Aussie town where you should not swim

A local council said warning signs and the risk of death had not deterred people from swimming and fishing in the Gulf of Carpentaria waters at the small coastal town of Karumba, eight-hour drive west of Cairns.

Carpentaria Shire Council chief executive Mark Crawley said he had spent weeks trying to convince tourists, who in some instances were waist-deep, not to enter the reptile-ridden waters.

“People are ignoring the signs and going for a swim and that’s just providing the appetite for the predatory animals,” he said.

“There have been reports of dogs going missing and we do have croc tours in Karumba, so they are there..

Saltwater crocodiles are known to inhabit the popular swimming destination at Karumba
Saltwater crocodiles are known to inhabit the popular swimming destination at Karumba. Picture: Supplied/FNQ Nature Tours

Mr. Crawley said the village – which is home to under 600 people – is a haven for fishing, with many people using the shoreline as a dumping ground for filleted fish.

“Crocodiles have been eating those and now they‘re coming and asking for more,” he said.

The dangerous waters are also home to bull sharks, tiger sharks, and jellyfish stingers.

There is concern around the survivability of a crocodile attack in the area, with the closest major hospital more than a 6½ hour drive away.

“That’s a concern as well, directly because you know, we are a bit (far) away from a major trauma center,” Mr. Crawley said.

Grey Mangroves (Avicennia marina) Karumba, North Queensland, Australia. Grey mangroves colonise the coastal mudflats of the Gulf of Carpentaria.
The Golf of Carpentaria waters are home to numerous deadly species, including saltwater crocodiles and sharks. Picture: Kathryn Heyman

Mr. Crawley believes croc numbers have risen since the legalized protection of the deadly species in 1974.
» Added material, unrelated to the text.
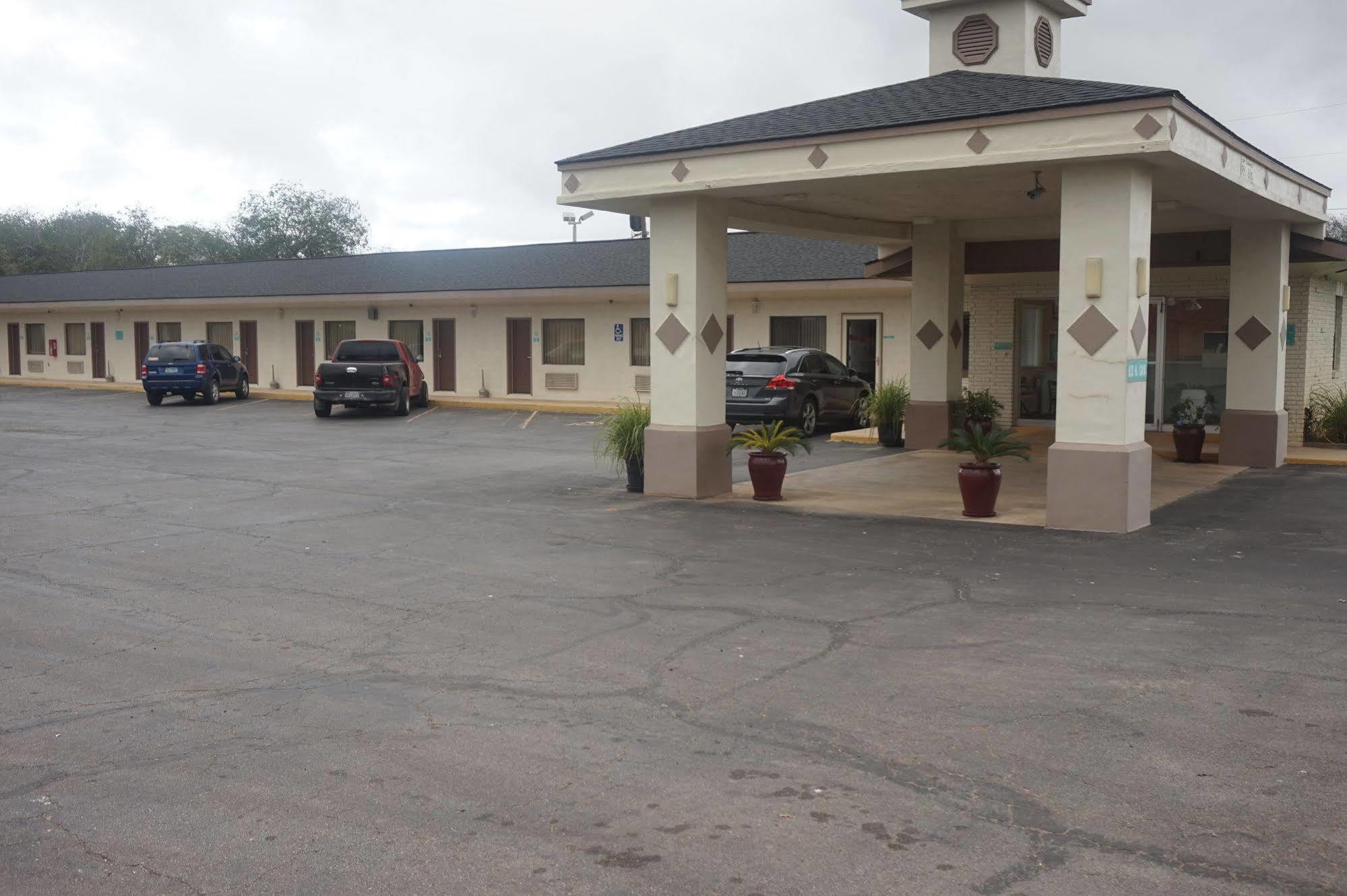 Executive Inn Pearsall エクステリア 写真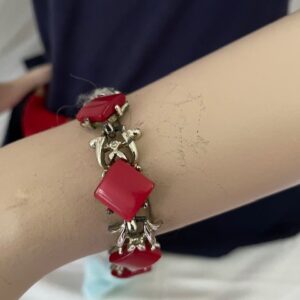 Vintage cocktail armband met rode vierkante lucite stenen van Coro 1960 - Afbeelding 3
“I think the numbers have increased because there’s no culling. And you know, there are not too many predators for the crocodile,” he said.

“I‘ve seen reports recently in relation to the fact that they’re now coming further inland looking for food, so they’re actually getting further away from their own natural habitat..

Data reveals the number of estuarine crocodiles – the world’s largest reptile species – increased by 2.2 percent from 2018 to 2021.

In 1974, just 5000 crocodiles were estimated to live in the Sunshine State, but new research uncovered around 30,000 mature animals.